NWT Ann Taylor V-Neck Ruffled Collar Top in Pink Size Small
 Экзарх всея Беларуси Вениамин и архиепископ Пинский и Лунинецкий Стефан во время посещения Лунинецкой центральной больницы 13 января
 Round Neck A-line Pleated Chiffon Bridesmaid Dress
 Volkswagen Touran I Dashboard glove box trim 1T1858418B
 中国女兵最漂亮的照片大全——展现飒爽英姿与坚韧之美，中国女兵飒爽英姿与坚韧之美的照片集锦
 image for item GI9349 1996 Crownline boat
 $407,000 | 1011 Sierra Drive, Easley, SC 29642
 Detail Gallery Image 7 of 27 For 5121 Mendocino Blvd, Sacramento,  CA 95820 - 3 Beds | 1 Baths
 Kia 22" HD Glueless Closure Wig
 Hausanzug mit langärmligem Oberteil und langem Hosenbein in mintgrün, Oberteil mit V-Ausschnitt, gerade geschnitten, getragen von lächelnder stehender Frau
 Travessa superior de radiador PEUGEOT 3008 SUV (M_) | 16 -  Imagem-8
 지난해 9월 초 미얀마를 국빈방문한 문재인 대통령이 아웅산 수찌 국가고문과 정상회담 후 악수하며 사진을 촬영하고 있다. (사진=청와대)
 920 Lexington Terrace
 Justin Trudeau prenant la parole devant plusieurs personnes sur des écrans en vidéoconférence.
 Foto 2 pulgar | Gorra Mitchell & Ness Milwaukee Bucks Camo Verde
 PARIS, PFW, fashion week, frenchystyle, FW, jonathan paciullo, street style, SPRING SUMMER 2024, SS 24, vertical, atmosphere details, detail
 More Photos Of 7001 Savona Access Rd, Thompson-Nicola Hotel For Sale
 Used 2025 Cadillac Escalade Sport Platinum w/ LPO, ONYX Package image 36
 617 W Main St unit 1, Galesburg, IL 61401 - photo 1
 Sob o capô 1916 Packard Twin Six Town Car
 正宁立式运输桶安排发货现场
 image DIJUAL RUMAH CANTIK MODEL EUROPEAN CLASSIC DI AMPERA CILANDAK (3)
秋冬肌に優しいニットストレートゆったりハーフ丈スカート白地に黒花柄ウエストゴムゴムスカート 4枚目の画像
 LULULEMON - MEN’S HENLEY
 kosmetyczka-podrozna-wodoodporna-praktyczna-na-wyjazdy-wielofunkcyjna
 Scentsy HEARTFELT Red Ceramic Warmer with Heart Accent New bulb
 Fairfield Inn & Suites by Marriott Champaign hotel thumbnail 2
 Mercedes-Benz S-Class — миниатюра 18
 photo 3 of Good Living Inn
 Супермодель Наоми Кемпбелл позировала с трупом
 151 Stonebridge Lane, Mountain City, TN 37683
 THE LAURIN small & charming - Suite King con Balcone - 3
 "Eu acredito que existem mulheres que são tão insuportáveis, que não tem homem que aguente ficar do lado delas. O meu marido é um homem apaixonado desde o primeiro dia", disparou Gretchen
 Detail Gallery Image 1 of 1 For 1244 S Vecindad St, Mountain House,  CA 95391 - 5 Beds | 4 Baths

## Directions
Return every line of the material exactly.

## Task output
NWT Ann Taylor V-Neck Ruffled Collar Top in Pink Size Small
 Экзарх всея Беларуси Вениамин и архиепископ Пинский и Лунинецкий Стефан во время посещения Лунинецкой центральной больницы 13 января
 Round Neck A-line Pleated Chiffon Bridesmaid Dress
 Volkswagen Touran I Dashboard glove box trim 1T1858418B
 中国女兵最漂亮的照片大全——展现飒爽英姿与坚韧之美，中国女兵飒爽英姿与坚韧之美的照片集锦
 image for item GI9349 1996 Crownline boat
 $407,000 | 1011 Sierra Drive, Easley, SC 29642
 Detail Gallery Image 7 of 27 For 5121 Mendocino Blvd, Sacramento,  CA 95820 - 3 Beds | 1 Baths
 Kia 22" HD Glueless Closure Wig
 Hausanzug mit langärmligem Oberteil und langem Hosenbein in mintgrün, Oberteil mit V-Ausschnitt, gerade geschnitten, getragen von lächelnder stehender Frau
 Travessa superior de radiador PEUGEOT 3008 SUV (M_) | 16 -  Imagem-8
 지난해 9월 초 미얀마를 국빈방문한 문재인 대통령이 아웅산 수찌 국가고문과 정상회담 후 악수하며 사진을 촬영하고 있다. (사진=청와대)
 920 Lexington Terrace
 Justin Trudeau prenant la parole devant plusieurs personnes sur des écrans en vidéoconférence.
 Foto 2 pulgar | Gorra Mitchell & Ness Milwaukee Bucks Camo Verde
 PARIS, PFW, fashion week, frenchystyle, FW, jonathan paciullo, street style, SPRING SUMMER 2024, SS 24, vertical, atmosphere details, detail
 More Photos Of 7001 Savona Access Rd, Thompson-Nicola Hotel For Sale
 Used 2025 Cadillac Escalade Sport Platinum w/ LPO, ONYX Package image 36
 617 W Main St unit 1, Galesburg, IL 61401 - photo 1
 Sob o capô 1916 Packard Twin Six Town Car
 正宁立式运输桶安排发货现场
 image DIJUAL RUMAH CANTIK MODEL EUROPEAN CLASSIC DI AMPERA CILANDAK (3)
秋冬肌に優しいニットストレートゆったりハーフ丈スカート白地に黒花柄ウエストゴムゴムスカート 4枚目の画像
 LULULEMON - MEN’S HENLEY
 kosmetyczka-podrozna-wodoodporna-praktyczna-na-wyjazdy-wielofunkcyjna
 Scentsy HEARTFELT Red Ceramic Warmer with Heart Accent New bulb
 Fairfield Inn & Suites by Marriott Champaign hotel thumbnail 2
 Mercedes-Benz S-Class — миниатюра 18
 photo 3 of Good Living Inn
 Супермодель Наоми Кемпбелл позировала с трупом
 151 Stonebridge Lane, Mountain City, TN 37683
 THE LAURIN small & charming - Suite King con Balcone - 3
 "Eu acredito que existem mulheres que são tão insuportáveis, que não tem homem que aguente ficar do lado delas. O meu marido é um homem apaixonado desde o primeiro dia", disparou Gretchen
 Detail Gallery Image 1 of 1 For 1244 S Vecindad St, Mountain House,  CA 95391 - 5 Beds | 4 Baths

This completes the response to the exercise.